Orny / 15 heures
Huit heures, bruit de pas et de feuilles mortes de l’autre côté de la rivière, à mi-hauteur et de gauche à droite; un fouillis de traits d’encre traverse un puits de lumière au milieu du bois noir de la Mussilly, petit trot; je fouille, ce ne sont pas des ombres mais des bêtes. Juste le temps de voir les pattes de la première qui raient la tache grise, courtes; la seconde suit, leste, petits pas et tête d’aurochs, corps puissant; les troisième et quatrième sont nées ce printemps; cinq, six, sept défilent, tête basse, décidées; huit, neuf, dix, je ne compte plus.
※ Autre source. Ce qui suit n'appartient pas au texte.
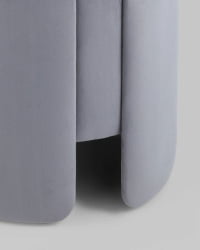 Пуф Taks Серый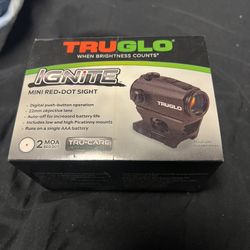 TRUGLO IGNITE MINI RED-DOT SIGHT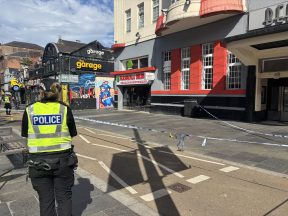 Teen charged after man seriously injured in Sauchiehall Street assault 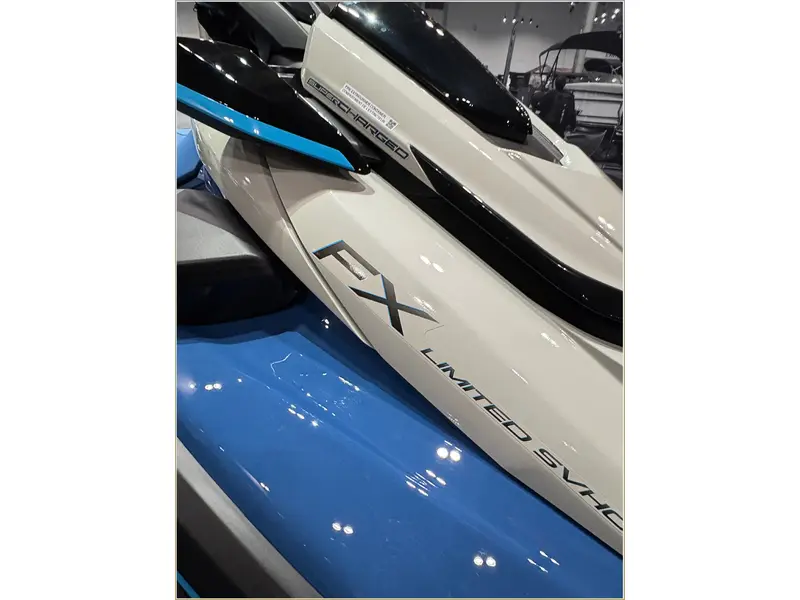 2025 Yamaha FX Limited SVHO All-In Pricing*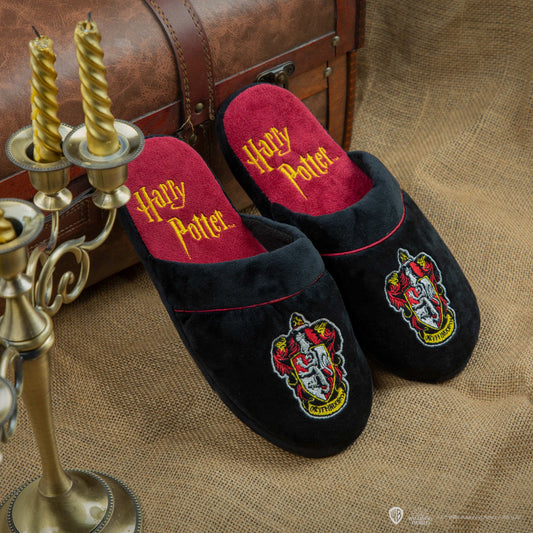 Gryffindor-Hausschuhe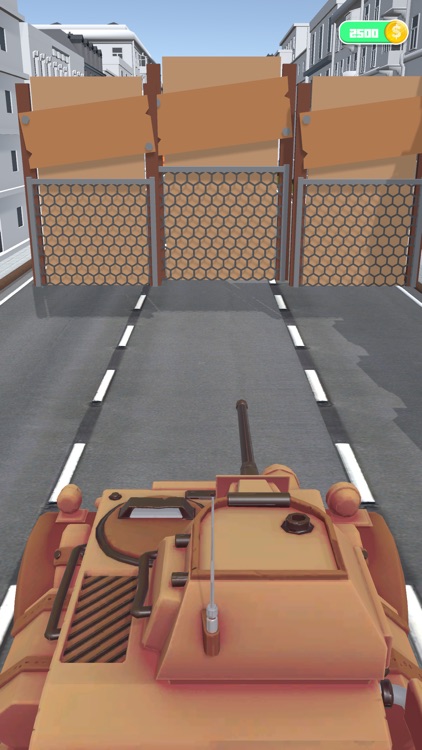 Tank Destroyer 3D screenshot-8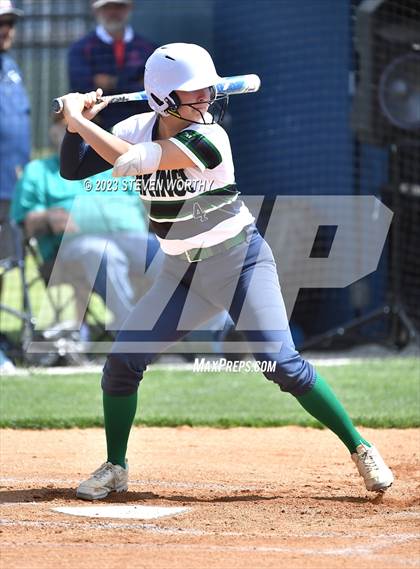Thumbnail 1 in Pungo Christian Academy vs. Halifax Academy (NCISAA 1A Final Game 2) photogallery.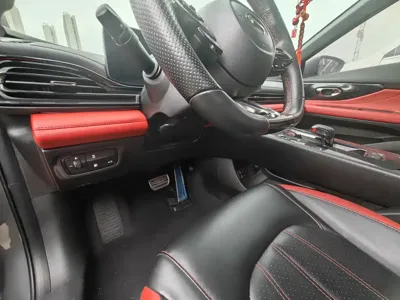 GAC Motor Shadow Leopard 2022, 34800 км, за 6020.41 USD - фото 9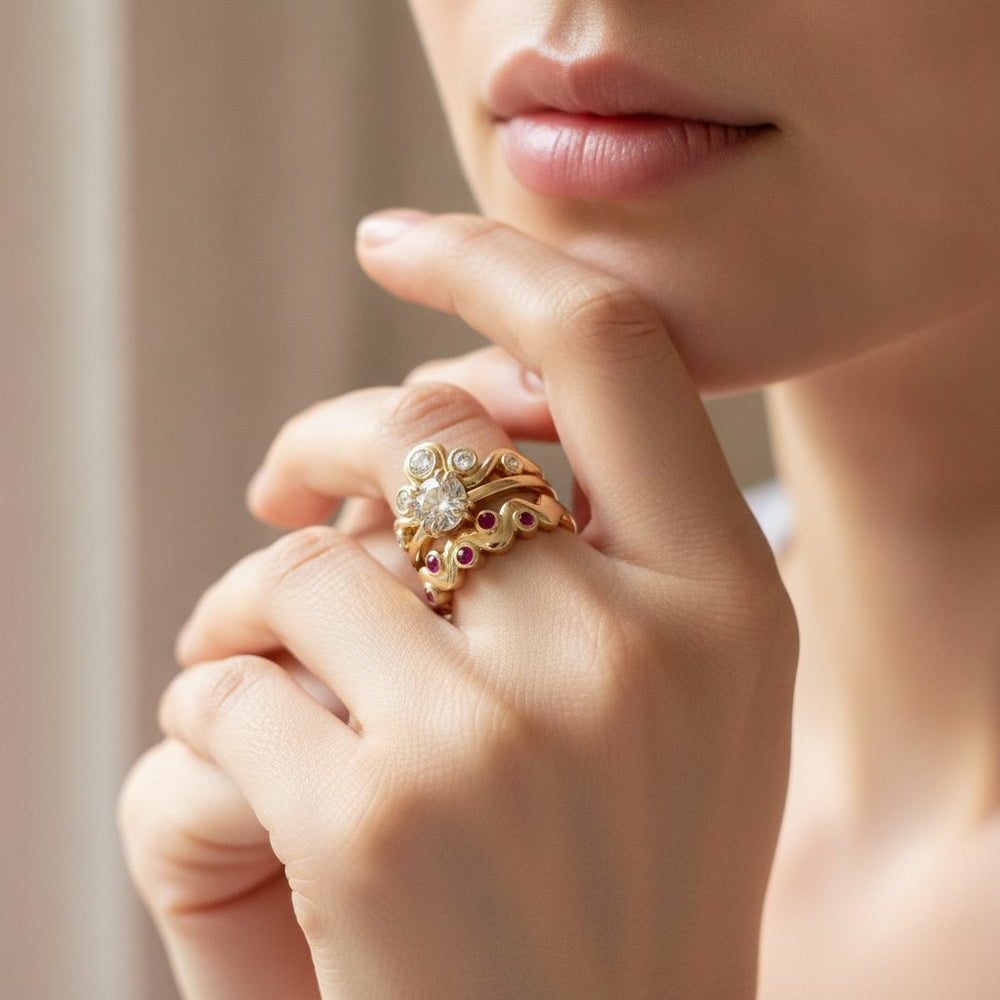 Perrine Jewelry Set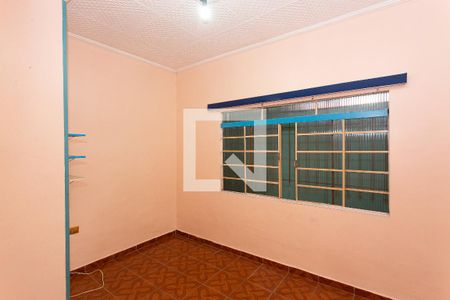 Quarto 2 de casa para alugar com 2 quartos, 90m² em Vila Costa Melo, São Paulo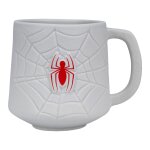 Marvel - mug 3d symbole de spider - man 450ml Marvel - mug 3d symbole de spider - man 450ml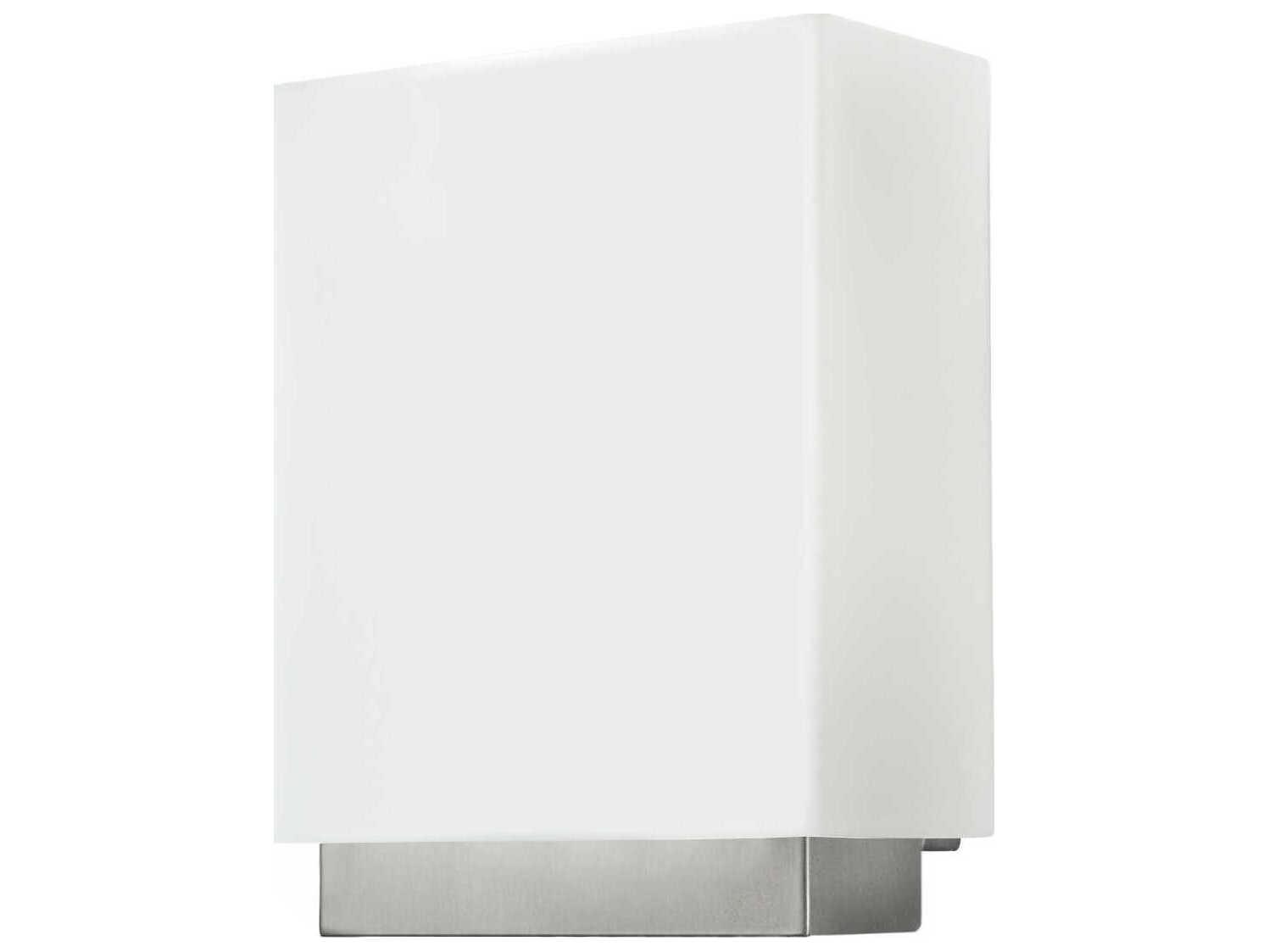 Kuzco Lighting Hounslow Brushed Nickel Wall Sconce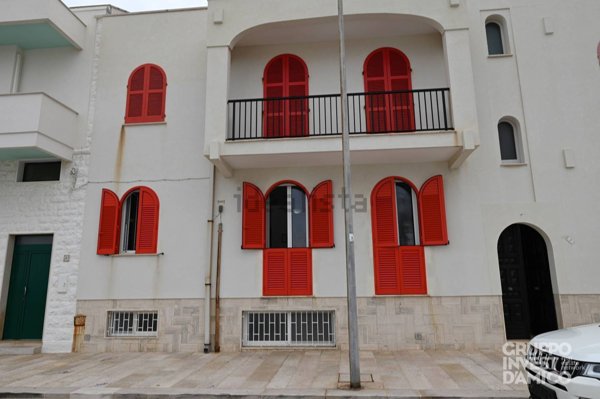appartamento in vendita a Fasano in zona Torre Canne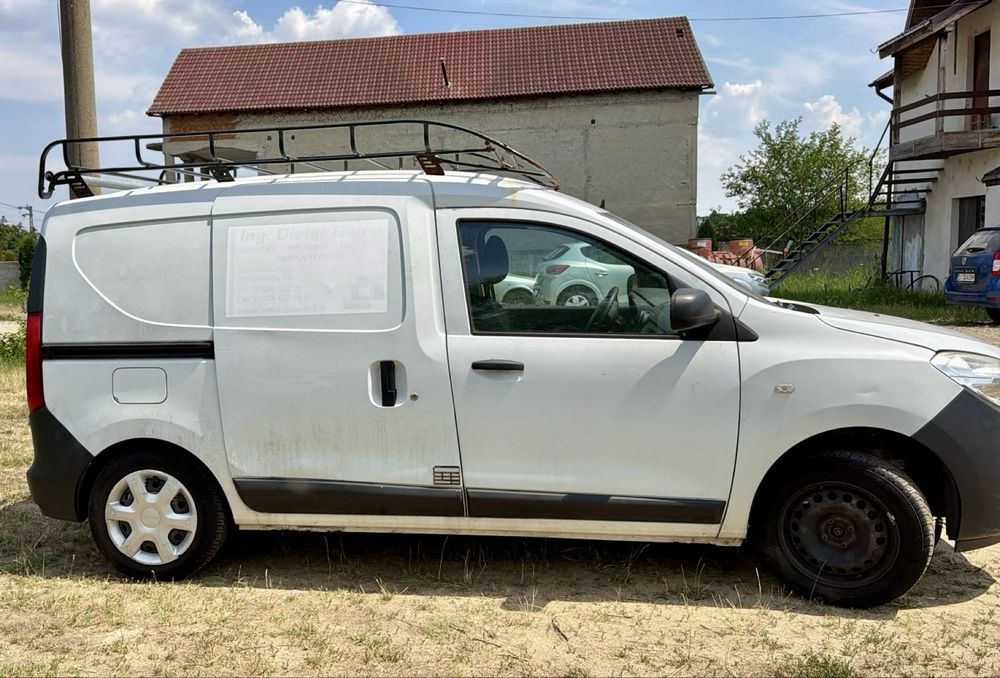 DACIA Dokker 2014 — imagine 3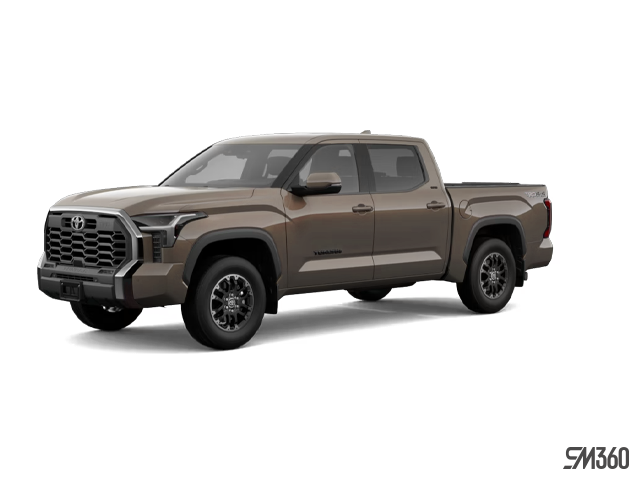 2026 Toyota Tundra TRD OFF ROAD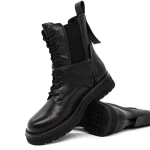 Ghete Dama 20292 Negru » meishop.life
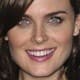 Gesicht von Emily Deschanel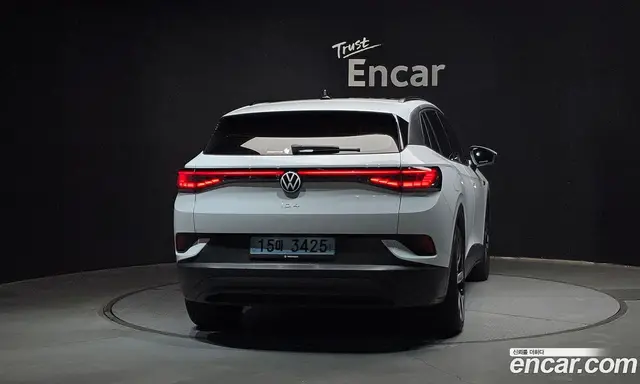 Volkswagen ID.4 2023 0.2 АКПП, миниатюра 4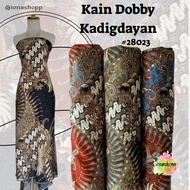 Dobby Kadigdayan Batik Fabric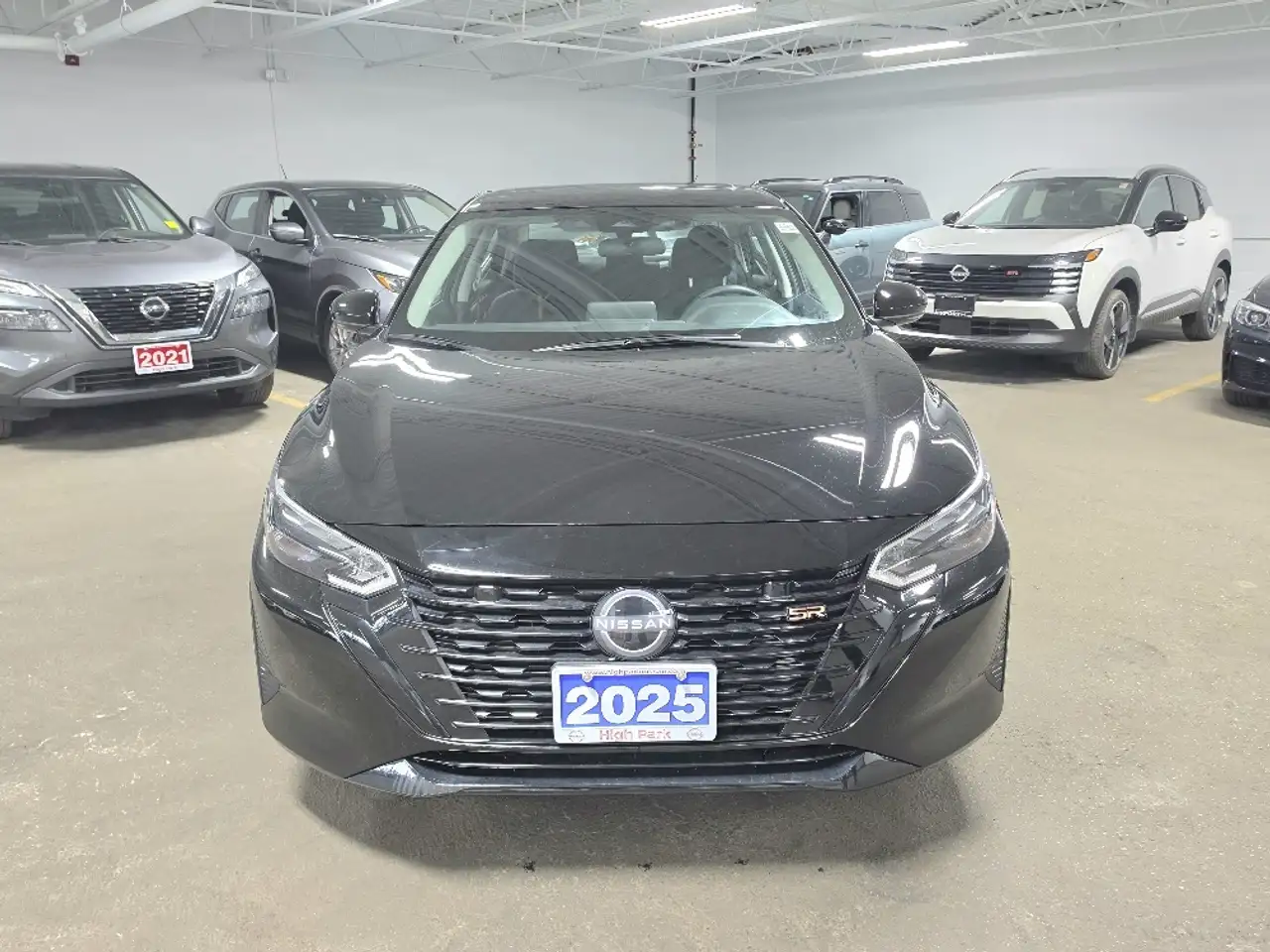 Nissan Sentra снимка Nissan Sentra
Une harde de sangliers, je crois qu’ils m’ont repéré, ils font demi-tour; je tends l’oreille en me déplaçant latéralement; et là, à cinq ou six mètres, dans les ronces, deux chevreuils me tournent le dos, écoutent eux aussi. Je ne mens pas, je n’y crois pas, c’est déjà trop, j’aurais mieux fait de me taire, ils prennent le large, je ne les reverrai plus.
Les sangliers eux n’ont pas quitté la côte escarpée, je les devine, veux en savoir plus, ils ne perdent rien pour attendre. Ruse: je fais une grande boucle pour les prendre à revers, sans bruit; j’y parviens; je les entends à nouveau mais ils sont de l’autre côté de la rivière, ils passent sur la bute d’où je les observais tout à l’heure, s’éloignent à la queue leu leu, même pas décidé, tête baissée, conscience tranquille. Formes noires sur grisaille, une douzaine au moins, vifs, agiles, souples, gracieux.
Pas bouger, rien toucher. Ne rien emporter sinon quelques traits, comme ces peintres animaliers qui se détournent des ombres pour faire voir plus tard, au burin, les traces d’un passage ou, avec de l’eau, un instant qui dure.